Florigrown responded that this is clearly a “special” law in that it creates classes. Those who automatically got licenses without any review by the department, and all other companies, which in reality will never have applications reviewed, due to the cap on the number of MMTCs. While the department argued that the only restriction was a “grandfather clause” for the former licensees and applicant, Florigrown argued that this was simply a “statutory give-away” which created distinct treatment, which usurps any real opportunity to any company not already possessing a license from obtaining one. Clearly a “special”, not ”general” law.
I’m no mind-reader, but I thought that Florigrown was already going to win based on the monopoly argument. I was fascinated when the court asked for the additional briefing. The “special law” issue seems like a “layup” for Florigrown. How can this law not be a “special” law which gives special privilege to lucky ticket holders? The state’s argument seems weak to me, because while “classes” are formed all the time (such as plumbers, lawyers or any other licenses trade), there are not lawyers who get special treatment beyond other lawyers.
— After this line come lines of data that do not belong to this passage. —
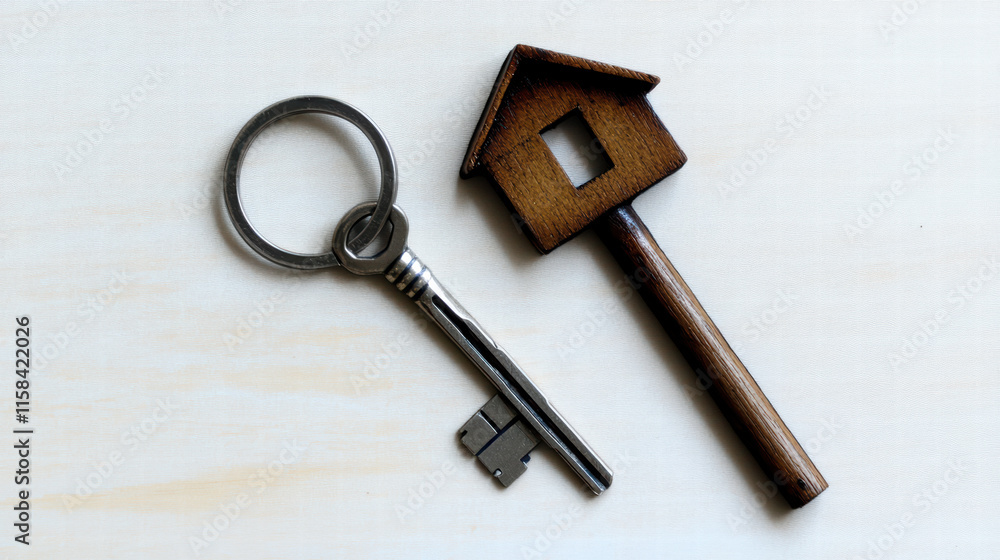 Poster key with house shaped keychain symbolizes home ownership and security. this captures essence of prop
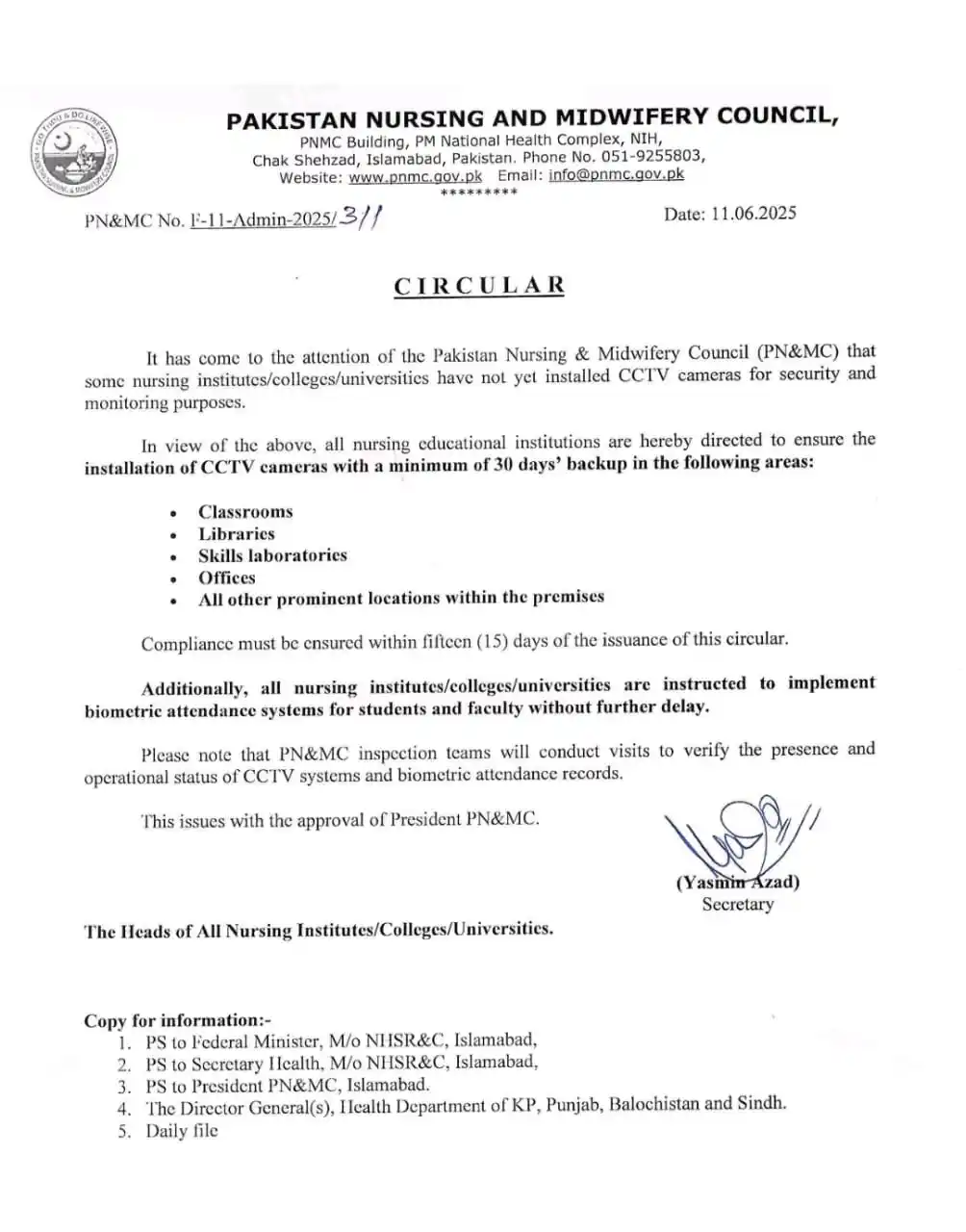 Image from NURSING CHANNEL(Sir Saeed): *PNMC Notification Regarding CCTV Cameras in all Nursing Colleges 📸* ...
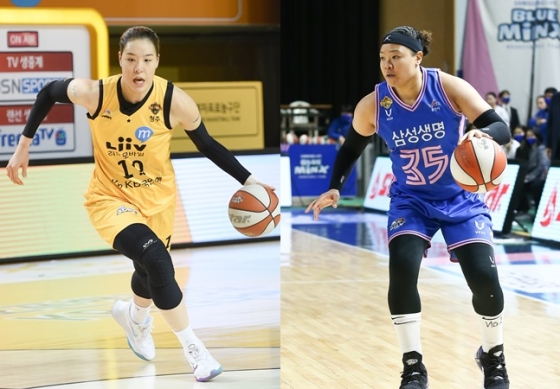KB스타즈 박지수(왼쪽)와 삼성생명 김한별. /사진=WKBL 제공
Here, however, many of the license holders only hold licenses and aren’t even in the cannabis business. Investors flipping paper for $53 million dollars are not situated similarly to MMTCs which have spent endless millions of dollars to run licensed businesses, and they are not situated similarly to companies which want to operate but do not have the opportunity to have an application reviewed until some formulaic peak is reached, which may never happen.
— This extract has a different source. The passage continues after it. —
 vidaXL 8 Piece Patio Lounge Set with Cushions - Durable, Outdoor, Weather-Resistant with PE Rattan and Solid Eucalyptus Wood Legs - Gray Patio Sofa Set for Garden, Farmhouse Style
Last month, I wrote that 2022 is likely to see an adult-use referendum pass. I opine that Florigrown will have an MMTC license prior to that ballot initiative reaching the voters, that the system in place will be found unconstitutional and that adult-use will be legal after the 2022 vote. Because, after all, we are a country which represents freedom and opportunity for all. Awarding monopolies and preventing competition to the selected few provides no freedom or opportunity for those wishing to enter the industry. Special law likely, but one way or another, I believe the Supreme Court is about to rule that the system we are just starting to get used to is unconstitutional.